On a more frivolous note, it did not take us too many glasses of wine at dinner, to start speculating with Hiroaki Kitano about mixing the Robocup and iGEM competitions to create a new 'bio vs nanomachine' league that would let nano-robots play against engineered microorganisms. As I said, we may not have had always enough sleep...

March 13, 2008

Contrasts: Craig Venter and NSABB on synthetic biology

 Craig Venter: On the verge of creating synthetic life Two rather contrasting videos on synthetic biology this month. In the first videocast, released by TED, Craig Venter exposes his grand vision of synthetic genomics. He insists on the notion of 'combinatorial genomics', that will combine the power of large scale DNA synthesis ('robots that can make a million chromosomes a day') with a database of 20 million genes, 'the design components of the future'. This approach, a pragmatic mixture of rational function-oriented design and empirical large-scale selection, is envisioned to prepare a modern 'Cambrian explosion' of new synthetic species. It is good to see Craig Venter laughing when announcing casually the 'modest goal of replacing the entire petro-chemical industry'. In any case, Craig Venter appears to be more concerned that the technology may not develop sufficiently rapidly to match the urgency and scale of the major ecological and medical challenges faced by our planet than by potential threats represented by harmful biohacking and bioterror.
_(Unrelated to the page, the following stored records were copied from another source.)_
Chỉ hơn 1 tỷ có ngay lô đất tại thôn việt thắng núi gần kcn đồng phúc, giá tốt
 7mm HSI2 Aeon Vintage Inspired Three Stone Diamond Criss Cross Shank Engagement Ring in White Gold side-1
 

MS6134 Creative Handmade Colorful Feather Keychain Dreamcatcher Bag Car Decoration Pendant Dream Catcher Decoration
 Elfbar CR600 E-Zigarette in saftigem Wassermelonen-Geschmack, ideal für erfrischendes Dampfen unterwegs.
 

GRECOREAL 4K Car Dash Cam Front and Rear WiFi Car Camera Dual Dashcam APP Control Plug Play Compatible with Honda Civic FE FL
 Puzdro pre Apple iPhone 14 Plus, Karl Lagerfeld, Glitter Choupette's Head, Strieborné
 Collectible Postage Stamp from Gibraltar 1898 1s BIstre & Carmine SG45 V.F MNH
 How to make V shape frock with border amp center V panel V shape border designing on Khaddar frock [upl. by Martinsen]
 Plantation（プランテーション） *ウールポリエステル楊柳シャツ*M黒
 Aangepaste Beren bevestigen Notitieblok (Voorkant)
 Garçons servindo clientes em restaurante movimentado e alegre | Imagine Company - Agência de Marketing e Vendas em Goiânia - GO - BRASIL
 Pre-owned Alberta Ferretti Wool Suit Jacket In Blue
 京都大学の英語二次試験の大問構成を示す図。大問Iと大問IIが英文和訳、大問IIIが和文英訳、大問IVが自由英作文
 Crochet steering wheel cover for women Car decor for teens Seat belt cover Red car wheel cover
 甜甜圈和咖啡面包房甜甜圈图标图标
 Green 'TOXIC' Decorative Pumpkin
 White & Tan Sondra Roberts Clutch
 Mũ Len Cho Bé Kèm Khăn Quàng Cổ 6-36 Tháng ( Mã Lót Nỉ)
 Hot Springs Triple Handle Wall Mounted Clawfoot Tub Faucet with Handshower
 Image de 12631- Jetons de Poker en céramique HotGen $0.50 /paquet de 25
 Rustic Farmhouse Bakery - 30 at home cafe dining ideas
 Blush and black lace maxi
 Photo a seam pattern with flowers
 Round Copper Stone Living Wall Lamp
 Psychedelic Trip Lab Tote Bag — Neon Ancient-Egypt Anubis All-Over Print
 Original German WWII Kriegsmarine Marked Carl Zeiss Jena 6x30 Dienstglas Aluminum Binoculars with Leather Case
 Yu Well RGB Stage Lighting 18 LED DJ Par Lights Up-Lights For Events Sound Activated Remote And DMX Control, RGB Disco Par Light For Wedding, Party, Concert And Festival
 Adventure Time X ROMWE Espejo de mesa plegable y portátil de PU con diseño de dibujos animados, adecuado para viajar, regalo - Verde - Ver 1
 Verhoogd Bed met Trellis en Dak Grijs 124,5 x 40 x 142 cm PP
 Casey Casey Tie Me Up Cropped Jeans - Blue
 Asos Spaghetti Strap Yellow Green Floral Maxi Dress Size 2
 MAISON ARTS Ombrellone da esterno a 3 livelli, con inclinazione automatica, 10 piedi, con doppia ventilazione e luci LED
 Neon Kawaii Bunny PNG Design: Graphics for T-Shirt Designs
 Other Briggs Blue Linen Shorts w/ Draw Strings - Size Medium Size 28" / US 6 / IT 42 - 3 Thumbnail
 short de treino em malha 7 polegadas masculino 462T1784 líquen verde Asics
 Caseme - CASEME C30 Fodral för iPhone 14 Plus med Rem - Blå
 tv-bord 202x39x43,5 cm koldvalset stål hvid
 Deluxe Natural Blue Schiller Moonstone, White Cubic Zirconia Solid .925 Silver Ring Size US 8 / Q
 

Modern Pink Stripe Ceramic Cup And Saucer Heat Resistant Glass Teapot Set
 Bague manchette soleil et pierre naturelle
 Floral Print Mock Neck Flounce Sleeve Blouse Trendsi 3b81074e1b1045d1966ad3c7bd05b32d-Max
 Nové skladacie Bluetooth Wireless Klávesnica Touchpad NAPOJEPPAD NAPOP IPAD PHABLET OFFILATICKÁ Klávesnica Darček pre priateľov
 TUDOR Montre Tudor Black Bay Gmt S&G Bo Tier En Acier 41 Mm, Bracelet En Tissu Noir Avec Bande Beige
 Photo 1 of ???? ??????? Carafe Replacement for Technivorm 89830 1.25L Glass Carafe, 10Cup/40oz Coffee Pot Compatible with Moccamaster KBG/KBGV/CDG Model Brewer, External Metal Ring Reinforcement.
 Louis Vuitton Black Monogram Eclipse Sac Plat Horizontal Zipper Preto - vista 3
webcast of the NSABB Meeting, Day 1The second video, admittedly less entertaining, is a recording of the recent deliberations of the National Science Advisory Board for Biosecurity (NSABB). In his presentation entitled 'Assessing Biosecurity Concerns Related to Synthetic Biology', David Relman presents some preliminary findings and recommendations of the Working Group on Synthetic Genomics (jump to 1hr:34min:37sec). It is interesting to see that no consensus definition of synthetic biology exists among the various practitioners of the field, who all use different blends of the typical bottom-up engineering approach assembling circuits from standard components and top-down strategy, based on the modifications of existing genomes. Beyond the lack of definition, the current ability to predict biological functions from sequence (eg virulence) remains very limited complicating the possibility of realistic risk assessment. Finally, the development of synthetic biology can be seen as an extension of the success of 'kit-based' molecular biology, which facilitates access of these technologies to groups outside the traditional Life Sciences communities and institutions, making the mission of oversight, outreach and eduction more challenging. David Relman also clearly emphasizes the importance of not discouraging the enthusiasm directed towards potentially beneficial research and applications by overzealous oversight and regulations.

The intersection between the two talks above was perhaps made when the question of virulence was raised (jump to 1hr:59min:35sec). The fraction of pathogenic agents is very small compared to the number of existing species, a point also made by Craig Venter, and the rate of appearance of new pathogens is low. The idea was then raised as whether it would be possible to roughly estimate the risk of creating synthetic pathogens by calculating the likelihood that the amount of natural recombination responsible for the emergence of new pathogens 'in the wild' could be matched by an equivalent amount of experimental recombination in the laboratory. In other words, is there any way to estimate the probability that new forms of virulence could emerge from the announced synthetic 'Cambrian explosion'?